By choosing the title “AmeRícan” to refer to the Puerto Rican Muslims whose stories I share, I invoke Laviera’s poem to highlight converts’ sense of never feeling quite at home and yet drawing on variegated lineages to make peace with their multiple heritages and marginalizations. This sentiment pervaded my encounters with AmeRícan Muslims, who are quadruply minoritized as Muslims among Puerto Ricans, Puerto Ricans among Muslims, and both Puerto Ricans and Muslims in the shadow of American empire.

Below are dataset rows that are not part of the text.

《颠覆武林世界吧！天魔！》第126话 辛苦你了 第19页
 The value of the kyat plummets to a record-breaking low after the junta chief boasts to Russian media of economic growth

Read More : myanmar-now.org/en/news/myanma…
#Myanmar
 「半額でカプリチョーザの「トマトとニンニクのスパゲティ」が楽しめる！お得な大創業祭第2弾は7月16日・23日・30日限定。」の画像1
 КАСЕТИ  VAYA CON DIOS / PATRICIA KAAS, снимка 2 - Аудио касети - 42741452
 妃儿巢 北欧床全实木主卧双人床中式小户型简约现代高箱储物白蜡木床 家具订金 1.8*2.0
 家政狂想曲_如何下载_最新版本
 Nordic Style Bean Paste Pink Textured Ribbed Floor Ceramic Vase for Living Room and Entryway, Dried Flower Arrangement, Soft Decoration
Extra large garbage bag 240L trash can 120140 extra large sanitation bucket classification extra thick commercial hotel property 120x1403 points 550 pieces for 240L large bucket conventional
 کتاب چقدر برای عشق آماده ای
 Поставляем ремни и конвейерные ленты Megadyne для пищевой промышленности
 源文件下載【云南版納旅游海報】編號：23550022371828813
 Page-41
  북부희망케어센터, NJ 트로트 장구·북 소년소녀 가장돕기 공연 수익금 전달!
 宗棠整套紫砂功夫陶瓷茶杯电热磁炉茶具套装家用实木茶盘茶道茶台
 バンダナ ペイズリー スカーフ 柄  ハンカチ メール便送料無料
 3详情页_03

In other words, this book tells the story of how Puerto Rican converts to Islam navigate diversity and difference and transform their minoritizations into new identifications that are simultaneously local and global, Puerto Rican and Muslim, American and AmeRícan, and somewhere beyond and in between. Although they are marginalized within each community they claim membership in (“ni de aquí, ni de allá”), they also believe, belong, and co-create each of these constituencies to one degree or another (“pero de aquí y allá”). Their feelings of being hidden, betwixt, absorbed, digested, and disparaged alongside those they call family, friends, co-religionists, and neighbors form the core of this book’s narrative. But this book is also the story of how they “spit out in malice . . . stand, affirmative in action, to reproduce a broader answer to the marginality” that threatens to “gobble” them up.
It is, in short, the story of how AmeRícan Muslims take the “accent from the altercation” through generative frictions with Others, reshaping their understanding of what it means to be Puerto Rican, Muslim, and AmeRícan all at the same time.